Flashcard strategies

The on-line widget I showed yesterday was a very simple version of a flashcard program. Which leaves me wondering — how would you add to a program like that to make it better?

A number of things are missing which might or might not make it better. For example, in the current version you need to refresh the page to see the next question. It would probably be better to have an on-screen button to do that.

Also, right now there is no penalty for wrong answers. I wonder whether there should be, and if so how much the penalty should be.

Similarly, I don’t currently provide any sort of running score. So you don’t know until you’re done how much progress you’ve made.

More seriously, I don’t tell you whether the answer you just provided was wrong or right. From my time recently playing Spelling Bee, I know that getting an answer right feels great, and people should be rewarded for that.

Also, there is no very easy way for somebody else to substitute their own test questions. In case you are curious, there is a file there called flashcards.js which contains the content of the test.

Right now the only way you could substitute in your own test is to copy the index.html file from my folder, and put up a copy of the flashcards program on your own site, with your own version of flashcards.js.

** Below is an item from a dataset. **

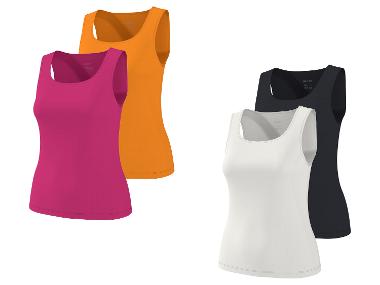 ESMARA® Damen Gerippte Tops, 2 Stück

Ideally you shouldn’t need to do that. For example, I could provide a way for you upload your flashcards.js file to my system. Then people could take your test instead of mine.

So many choices, so many possible things to do! Maybe it’s good that I stopped where I did. Otherwise I might end up spending the next year working on flashcard programs.

Widget Wednesdays #13

I had such a good time implementing last week’s Wednesday widget, that I decided I’d keep going in the same general direction. This week I’ve implemented a little flash card program.

There are all sorts of facts that I would like to learn better, so I can really use a flash card program. One design consideration I thought was important was to make it easily reconfigurable.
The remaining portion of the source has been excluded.